Validating Spreadsheet Models for the EBA
Mark Hayes, 23rd March 2020.
The European Banking Authority issues taxonomies against which banks submit financial reports. Prior to submitting the reports, the client goes through a review process. In order to facilitate review, the data is presented in a way that is logical for review, but is not the format required by the EBA.
In order then to present the data for review, business analysts had created user friendly "Views", of the data, contained in a couple of dozen Excel workbooks. Each workbook contained at least one view, some more than ten. These views were populated by retrieving data directly from SAP, based on criteria contained in hidden columns, and then performing aggregates etc. for review.
The taxonomies presented the reportable items as view specific grids, i.e. they could be referenced by view, row and column references.
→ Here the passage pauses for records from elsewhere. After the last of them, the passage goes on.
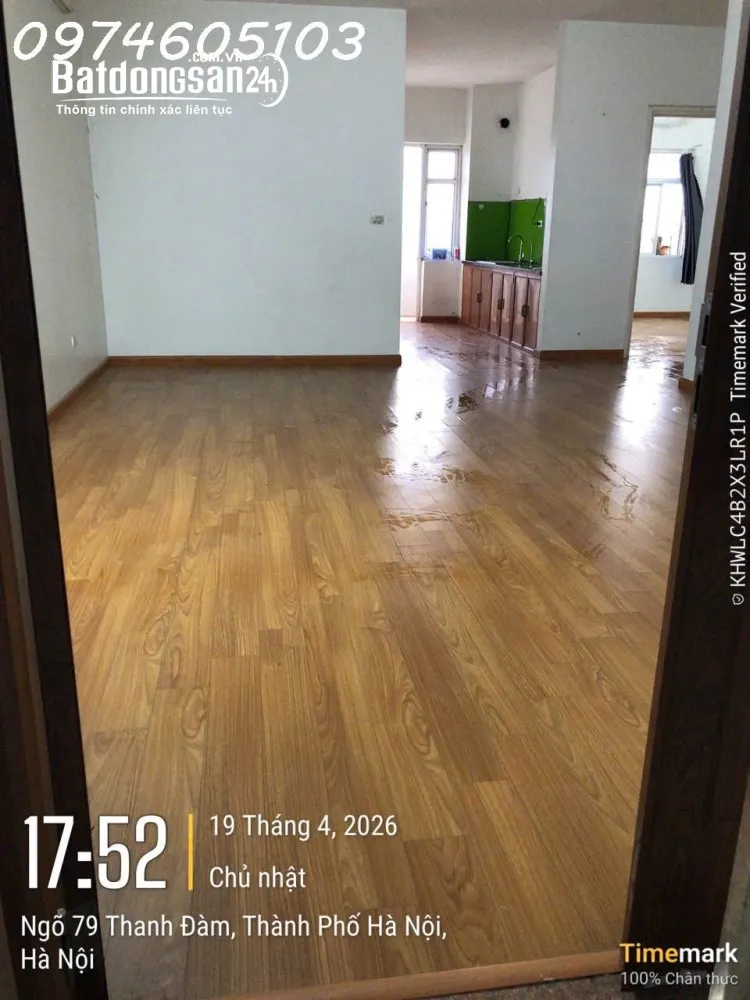 Chính chủ cần cho thuê căn 508B chung cư Riverside Tower 79 Thanh Đàm, Hoàng Mai, HN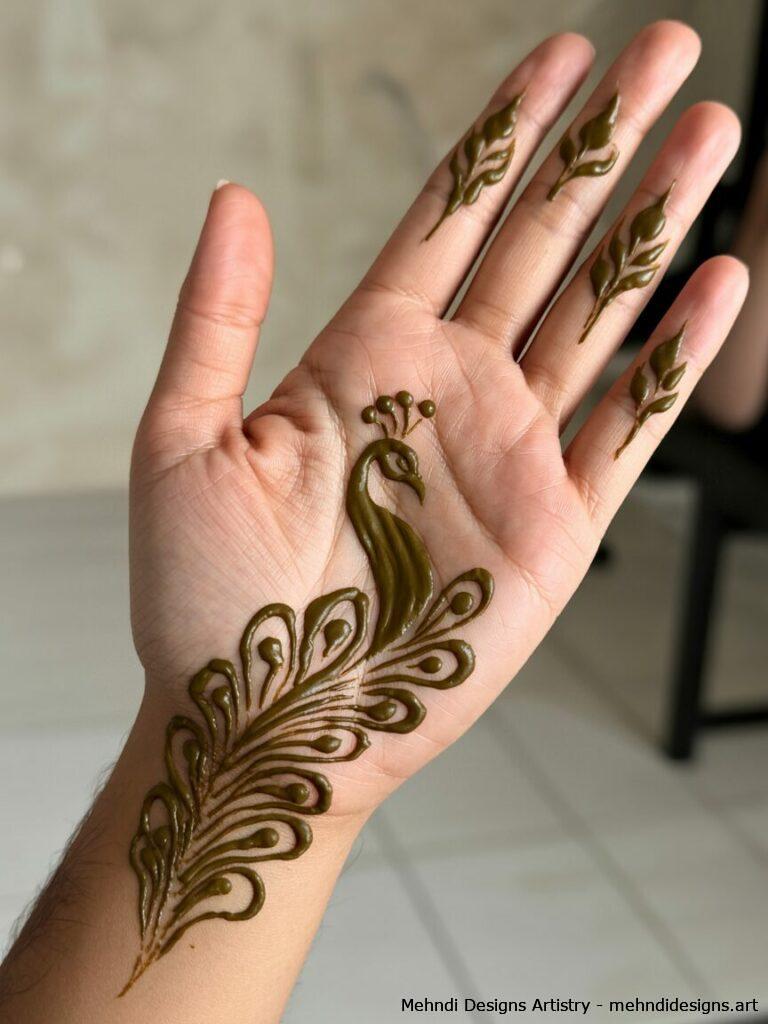 Minimal Peacock Design 1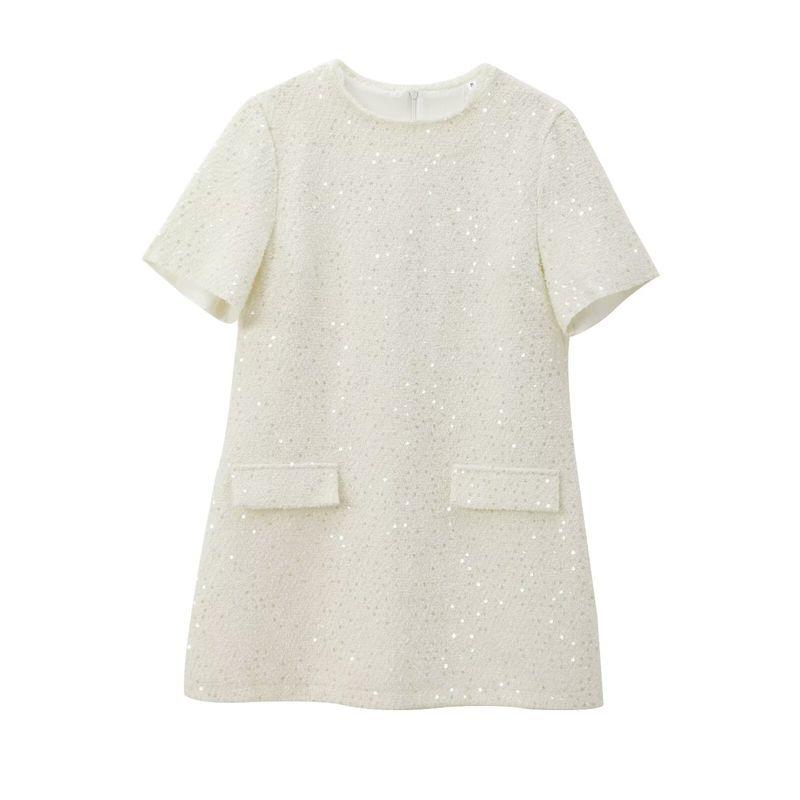 Kaslead New Arrival Women's Clothing Fashion Style Fashion Minimalist Sequin Mini Dress 8714933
In brief, the task was to automate the validation of over ten thousand equations held in views across twenty five or so workbooks. To ensure complete coverage and, amongst other things, that the equations accurately reflected the requirements.
Manual testing would have taken months and the live systems weren't, at the time, producing data in a compatible format that could be used for testing. Also, due to the complexity of the data, producing dummy test data had proven counter-productive. The "test" data required more debugging than the views themselves.
This turned out to be quite an interesting little project. Both the taxonomies and the views were changing frequently. Everything was new and not fully defined either on the client side or the regulators side.
The solution had to be able to be repeatedly refreshed without requiring redevelopment.
The output would be a simple spreadsheet listing the key reference values, i.e. View Ref / Row Ref/ Column Ref, the title of the reporting item and a full description of what exactly was wrong with it.
Given the speed with which this was required, and the fact that the solution had to be portable, it was decided to code everything up inside an Excel workbook with VBA. Basically, the workbook would:
- Import the taxonomies and format them for quick programmatic referencing.
- Allow the user to select a folder containing view files to be imported and validated.
- Perform all the necessary validations, i.e. formula and coverage checks etc.
- Automatically maintain taxonomy and solution versions, dates and update history etc.
- Allow the user to import populated views and from those create suitable outputs.
There was a lot of supporting functionality that wasn't actually doing any validating but was essential none the less. The interesting part would be validating the equations.
As described above, a reporting item consisted numerous hidden reference data criteria columns, used for SAP data retrieval, equations to get the data from SAP and equations to present the data for review. Validating them was a simple matter of:
- Ensuring the data retrieval criteria were covered by the data retrieval equations. I.e. there were no populated columns that weren't covered and no unpopulated columns referenced in any equations.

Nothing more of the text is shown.